I grew up in northeast Shafter less than a half mile away from Fred Starrh's home. His fields and table grape vineyards surrounded our neighborhood. When the cotton behind us got tall in the summer, we kids would sneak through it to cross the road and steal grapes. Others would also steal potatoes, carrots and tomatoes, but I had no interest in those. We played wherever he tried to grow crops, much to his ire. He traveled around in a pick-up truck with several German shepherds in the truck bed that would jump out and chase us off. They never bit anyone to my knowledge, but I never hung around to find out.

At age 6 or 7, with my short Tomboy Pixie haircut and pants and shirt, I ran into the house one day and hid under my bed. Starrh came to the door and spoke to Mama about catching her "son" in his alfalfa field (I was looking for baby bunnies). She told him he must be mistaken because her son, my older brother, Travis, was on a work trip with Daddy. Ha! She'd never heard me come inside, so I sneaked back out and went elsewhere to play.

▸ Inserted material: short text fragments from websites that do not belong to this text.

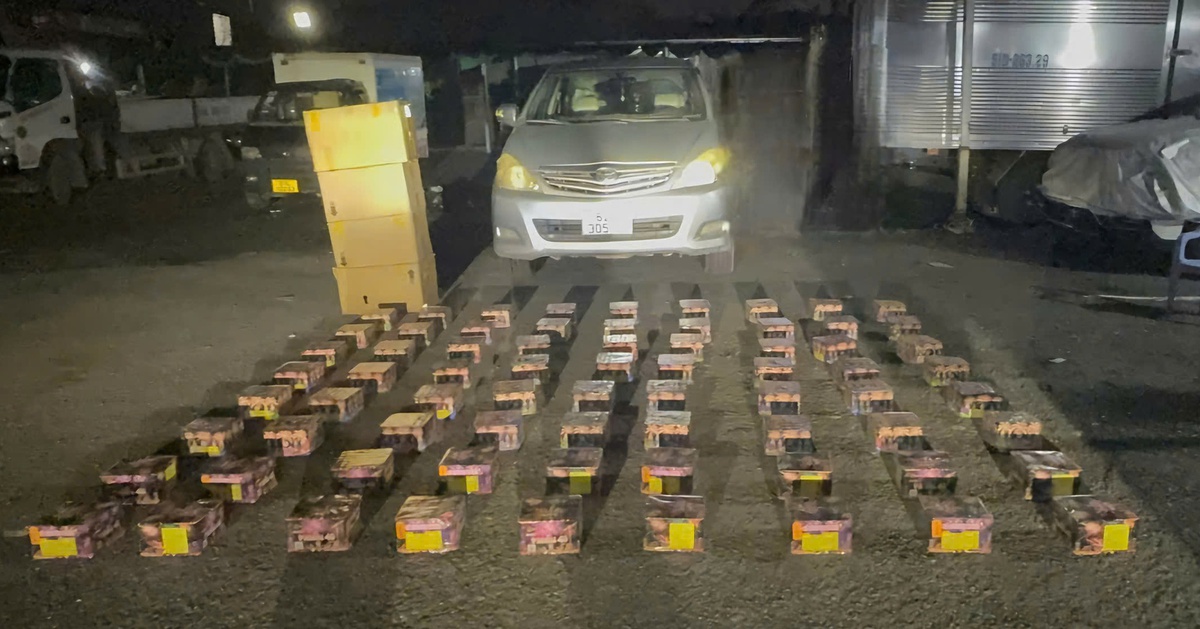 密輸・偽造品対策 6月16日：120kgの違法花火を輸送した運転手を起訴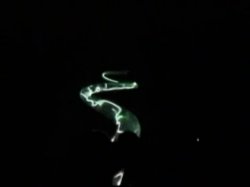 'Amazing Ty 21 - Erotic Nightmare' screenshot nº 4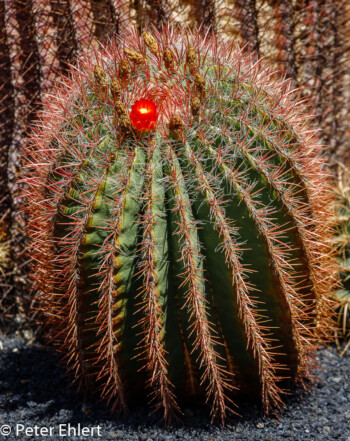 Rote Blüte  Guatiza Canarias Spanien by Peter Ehlert in LanzaroteCactus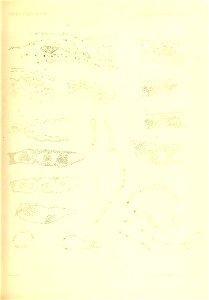 n228_w1150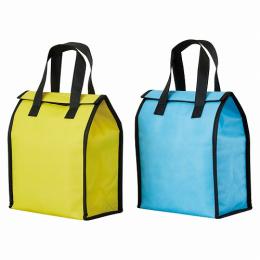 600mlボトルが6本入る保冷温バッグ(1P)の商品画像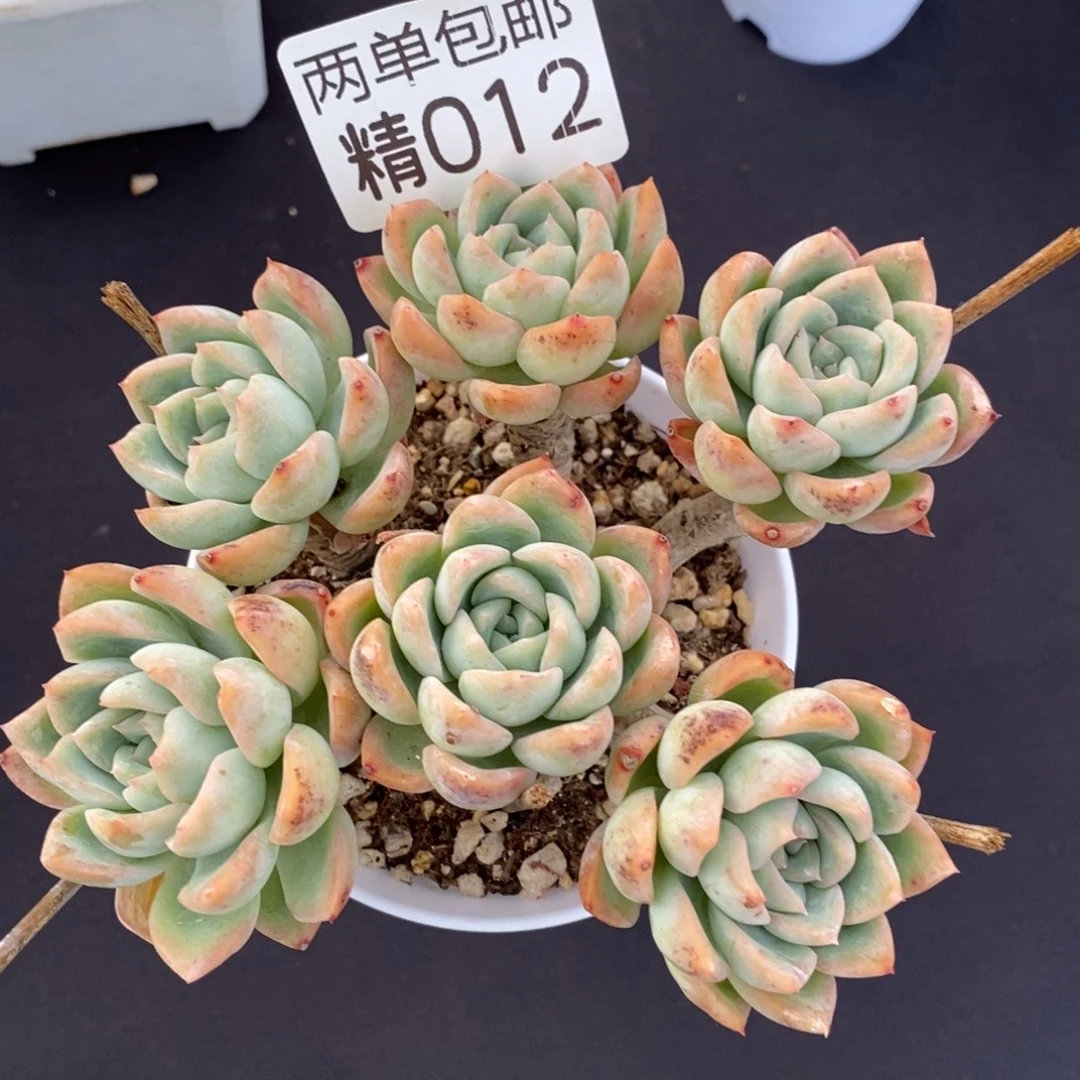 哈哈哈哈哈哈姐012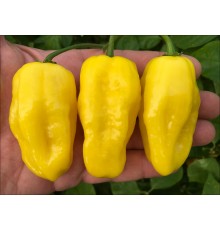 Venezuelan Tiger Yellow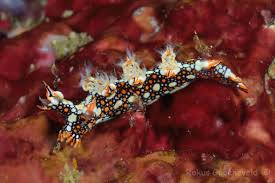 ผลการค้นหารูปภาพสำหรับ Bornella Anguilla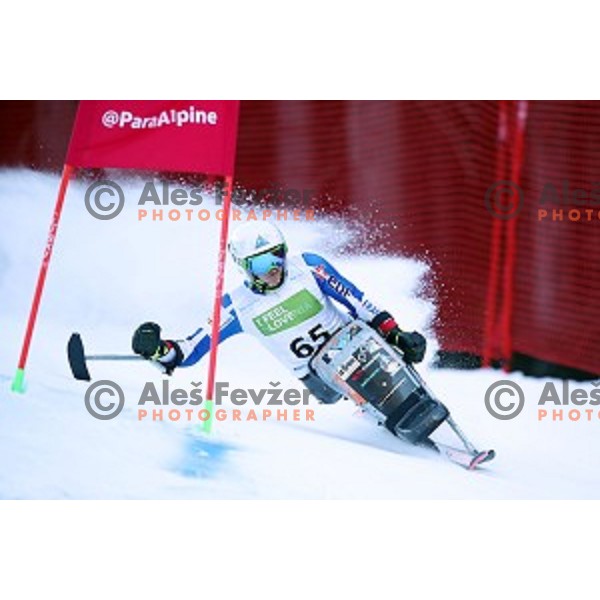 Victor Pierrel skiing in first run of ParaSki World Cup Giant slalom in Kranjska gora, Slovenia on January 22, 2020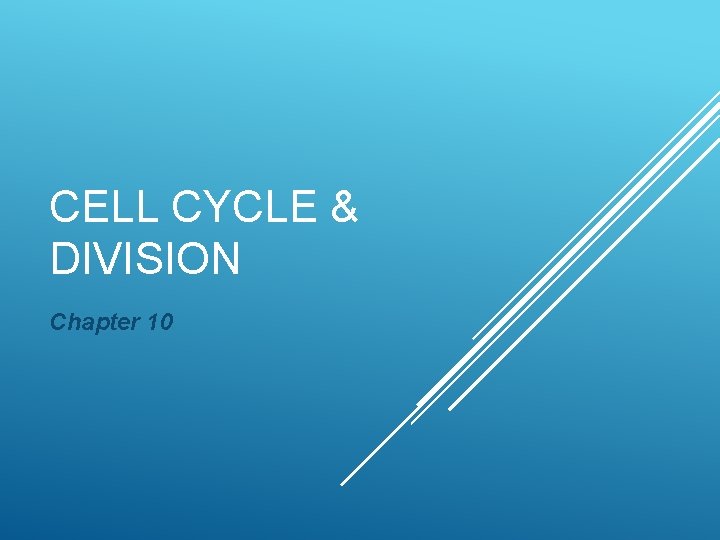 CELL CYCLE & DIVISION Chapter 10 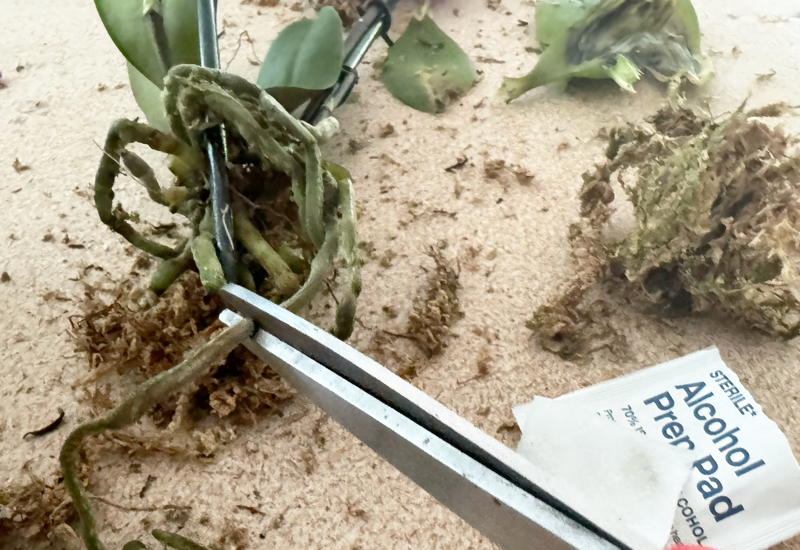 orchid roots trimmed with scissors
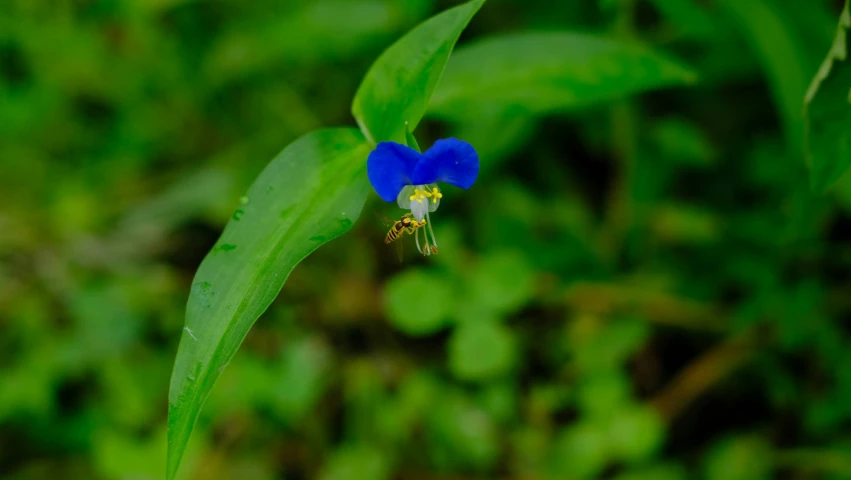 a blue flower growing out of the ground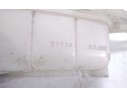 DEPOSITO EXPANSION 21710AX300 110006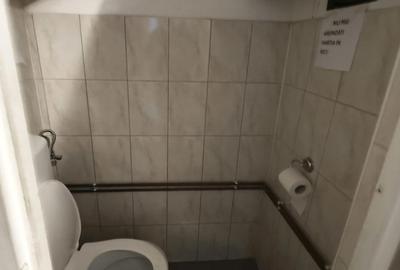 Spațiu comercial, de 100 mp, în Lugojului - 2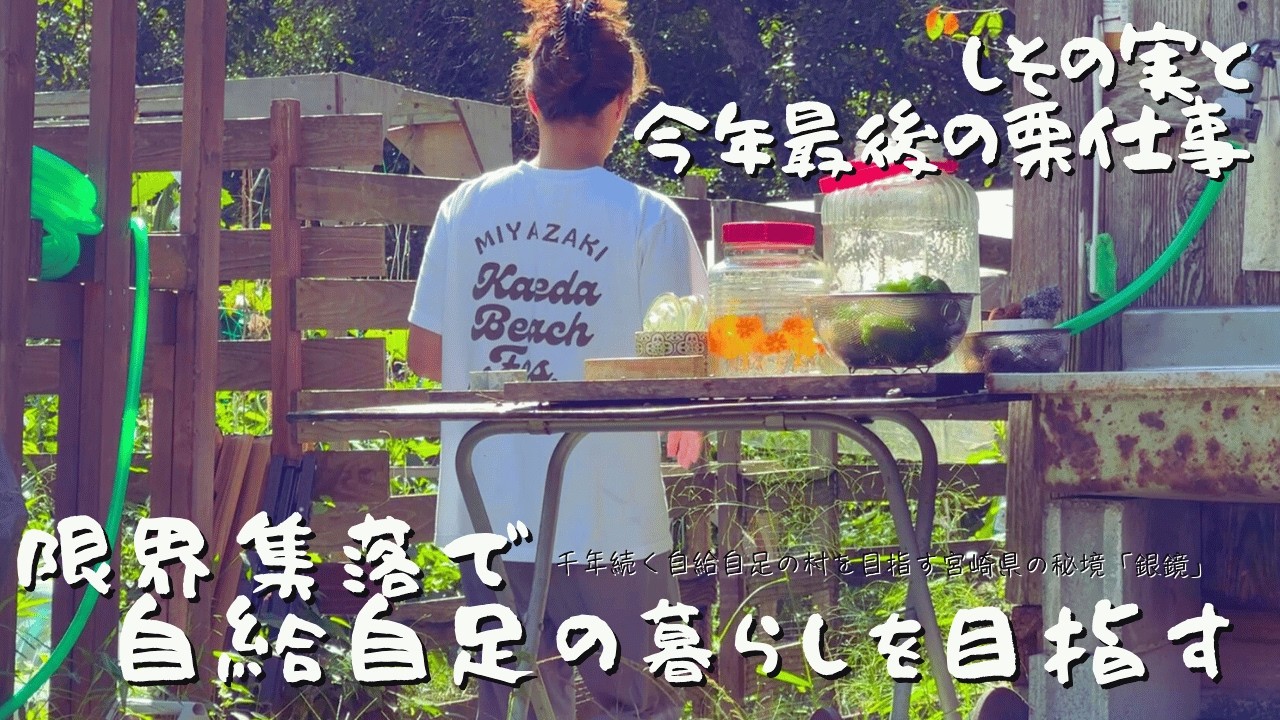 【限界集落からの挑戦|第二章】今年最後の栗仕事は薪ストーブで作る渋皮煮｜紫蘇の実醤油｜秋の味覚を手しごとで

Another time, Starrh had dug a huge pit in a field near us, which we assumed was for a new reservoir. Half the neighborhood kids were in it climbing the sides and having dirt clod fights. Somebody saw Starrh coming with his dogs in his truck (The guy must've used binoculars). We "spazzed" out and refused to pay attention or answer questions. We all just wandered off into different directions, too many for him to follow. So he just yelled at us, again.